Captain Awkward is wonderful as an advice columnist. She gets right to the point, but she shows endless compassion for the letter writers. She gives great scripts for difficult situations, and her GIF game is on point. I know she gets burned out from all the shittiness she reads (understandably), but she doesn’t let it show in her answers. One thing she’s pushing back on is the idea that relationships take work. Or rather, the kind of work they take. In another letter, the letter writer (LW) details all the recent problems and how her girlfriends are like, “At least you have a boyfriend”, when it’s clear that he’s just not into her any longer, and Captain Awkward said this:
There’s this Hollywood & Glossy Magazine narrative we have that privileges having a (heterosexual) relationship over being alone (no matter the quality of the relationship) and that puts it on the woman to do the emotional work of keeping the relationship together by having the big serious talks and speaking up about feelings and stuff. And I use the word “work” on purpose.

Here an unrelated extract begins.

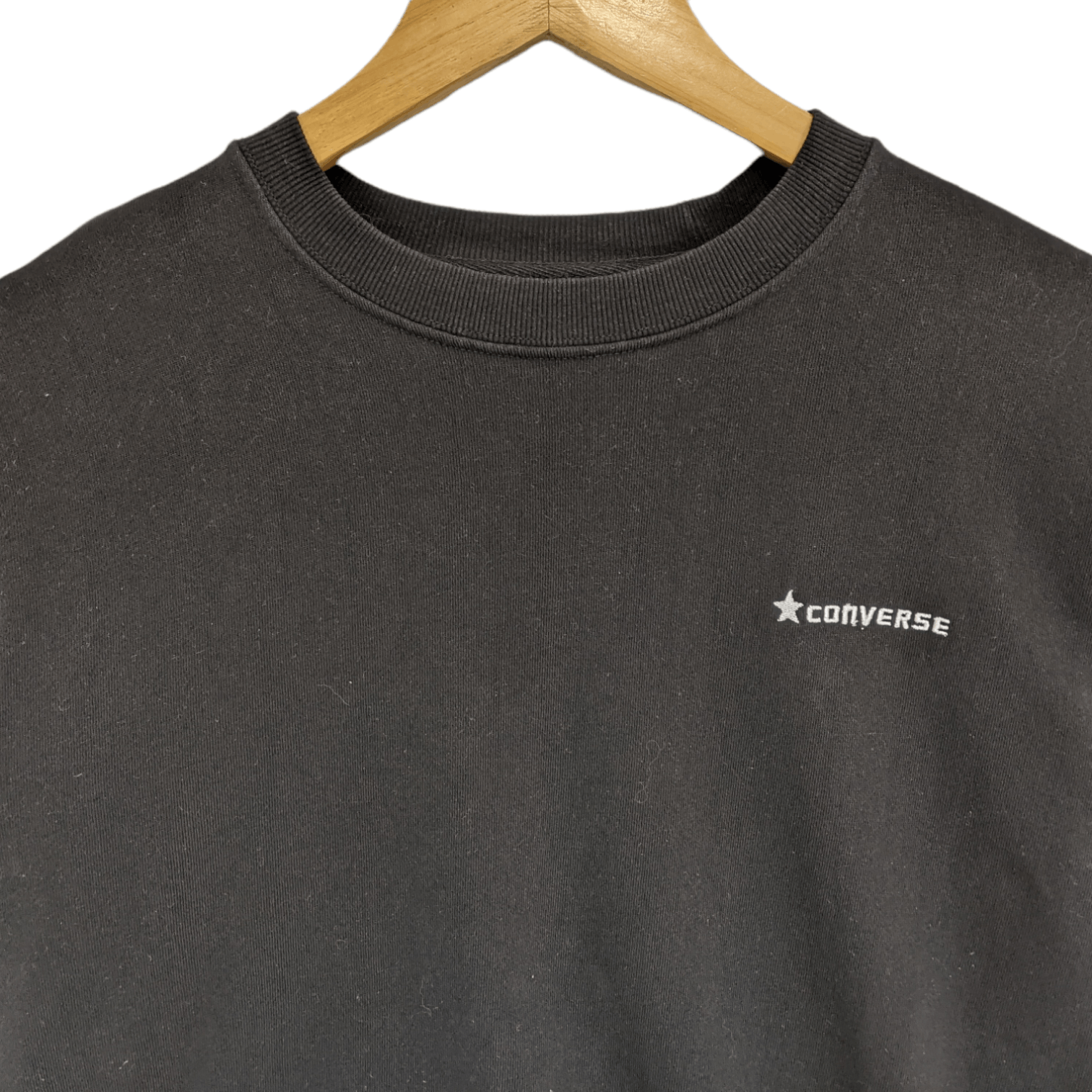 Converse CONVERSE Black Plain Jumper Sweatshirt Size L / US 10 / IT 46 - 4 Thumbnail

We hear that “relationships take work” and what they mean is “women’s work” – the work of reading magazine quizzes and carrying the emotional water and looking pretty all the time and finding ways to “drive him wild” in bed and cooking new recipes and making excuses.
The commentariat is all over it, saying it shouldn’t be work in the ‘I hate my job and have to do it’ kind of way, and it should be work that both partners participate in.